Birçok manastırda kalmak istediler. Fakat, onları hiçbir manastır kabul etmedi.
Sonra da Thekoon denilen bir sel yatağına gittiler. Orada buldukları bazı eski
hücreleri tamir ettiler.
Aziz
Savvas, sükûnet ve sevgi dolu, beyaz kalpli ve temiz ruhlu biri olduğu için,
kötü Keşişler için de ilgisiz kalmıyor. Onların o yeni yerlerine yiyecek
götürür ve güzel bir ibadethanenin yapımı için ihtimam gösterir. Onların
hücreleri ve ekmek fırınları için de özen gösterir. Patrikten aldığı yetmiş
altın sikkenin tümünü bunlar için harcadı. Daha da, onların yönetimi için de
ilgilendi. Yunanistan’dan, İoannis adında, faziletli bir münzeviyi Başkeşiş
olarak onlara başkan tayin etti.
Kıyaslanamaz
bir öğretmen
Aziz
Savvas, münzevi hayatında sert bir öğretmendi. Her günah, Allah’ın kanunlarını
her ihlâlde de bir ceza uygulanması lâzım diyordu. Böyle bir ilke koymak
şarttır. Günah yapayım ve sonra da: “Allah’ım, ben günah yaptım, beni affet”
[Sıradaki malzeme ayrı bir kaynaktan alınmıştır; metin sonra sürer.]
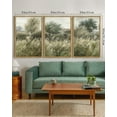 thumbnail image 3 of Drsoum Large 24x36in3pcs Natural Framed Vintage Country Meadow Field Wall Prints Classic Retro Farmhouse Landscape Wall Art Rustic Decorations for Living Room Bedroom, 3 of 6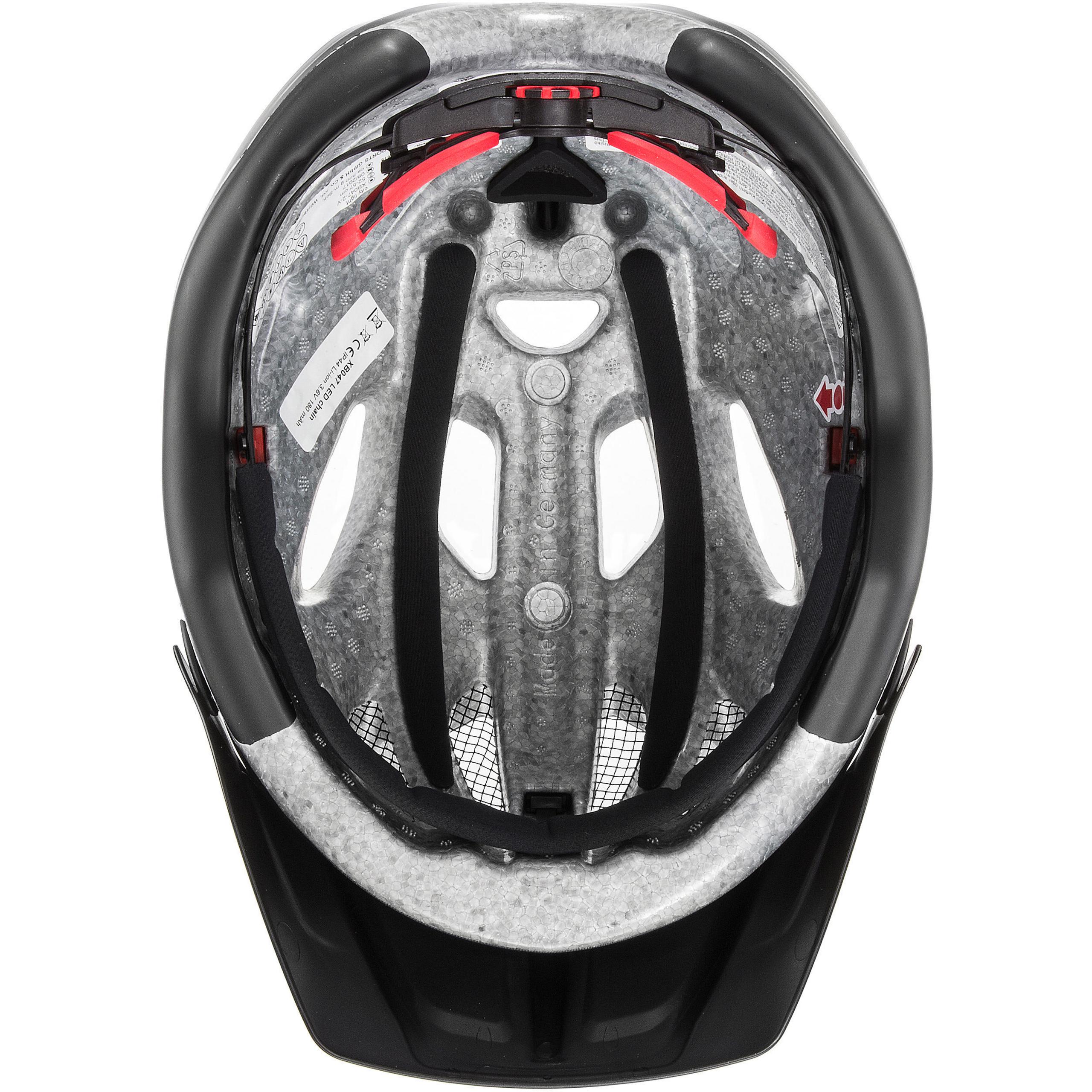 Uvex City Light Casque de Bicyclette Mixte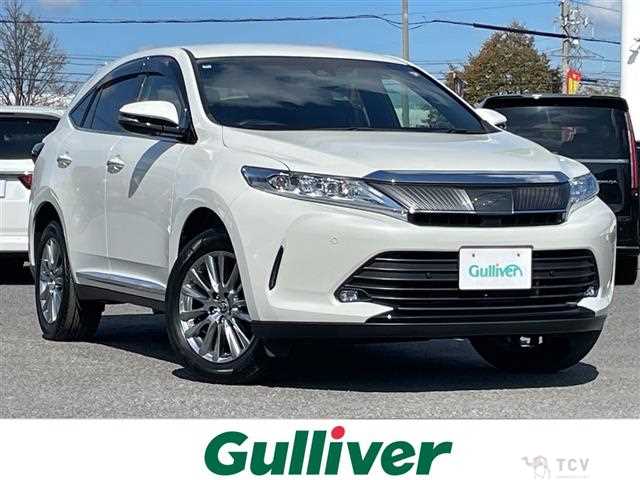 2020 Toyota Harrier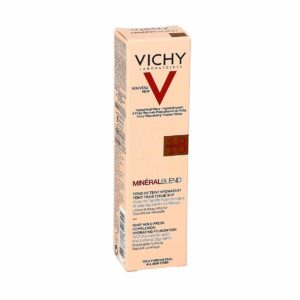 Vichy Minéralblend Fond de Teint Hydratant Teint Frais Tenue 16H Teinte : 18 Copper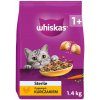 Whiskas Steril 1,4kg suché krmivo pre mačky kuracie mäso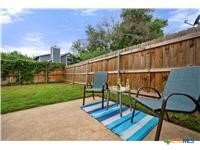 7705 Grovedale Trail Austin, TX 78729 - Photo 22 of 25 a view of a bench in a garden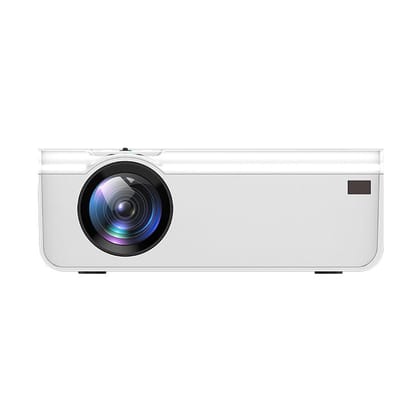 AUSHA 1080P WiFi Projector | 9500 Lumens, Wireless Screen Mirroring, 3D Support | Home Theater Projector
diyerek kendimi kurtarmak istemek, yok öyle şey… Tövbe sadece söz istemiyor,
fiiliyat ister, kalbi ezme ister, daha da, gözyaşları, oruç ve ibadet ister!
Aziz
Savvas’ın öğrencileri bir hata işledikleri vakit, Aziz onları zor bir teste
tabi tutuyordu. Onları uzun zaman için tecrit ediyordu. Öyle ki, belli bir
zamana kadar, hiç kimseyi görebilme ve hiçkimseyle konuşabilme imkânlarından
yoksundular.
Tecrit,
münzevi çalışmaları ve ibadet, onların yüreklerini yumuşatıyordu. Onların
akıllarını aydınlatır ve ruhlarını arındırıyordu.
Bir
gece, Vithanya’dan, muhterem bir rahip olan Anthimos adında biri vefat
ettiğinde, Aziz Savvas, ilâhi bir teganni işitti. İlk başta, rahipler
tarafından söylenen bir ilâhi sandı. Fakat, ne olduğunu sonradan öğrendi. Bütün
rahipleri yanına çağırdı ve onlara, Antimos’un tenha yerdeki hücresine
gitmelerini istedi. Oradan bu ilâhi melodiler geliyordu. Mumlar yakarak
ilerlemeğe başladılar. Orada, Anthimos’u, derin bir ölüm uykusunda buldular.
Oradaki ilâhi sesi meleklerden geliyordu. Aziz Savvas, böyle bir ilâhi melodiyi
işitmeye lâyik bir kişiydi. Nasıl olsa, onun bütün hayatı imanla doluydu.
İman
mucize yaratıyor
Aziz
Savvas’ın hayatında zikredilen diğer mucizeleri arasında şunlar da vardır:
Şeria
Nehri civarından, Gerontios adında iyi bir Hıristiyan, İsa Mesih’in can verdiği
ve şehit olduğu, o Kutsal Yerleri ziyaret etme amacıyla Kudüs’e gitmişti.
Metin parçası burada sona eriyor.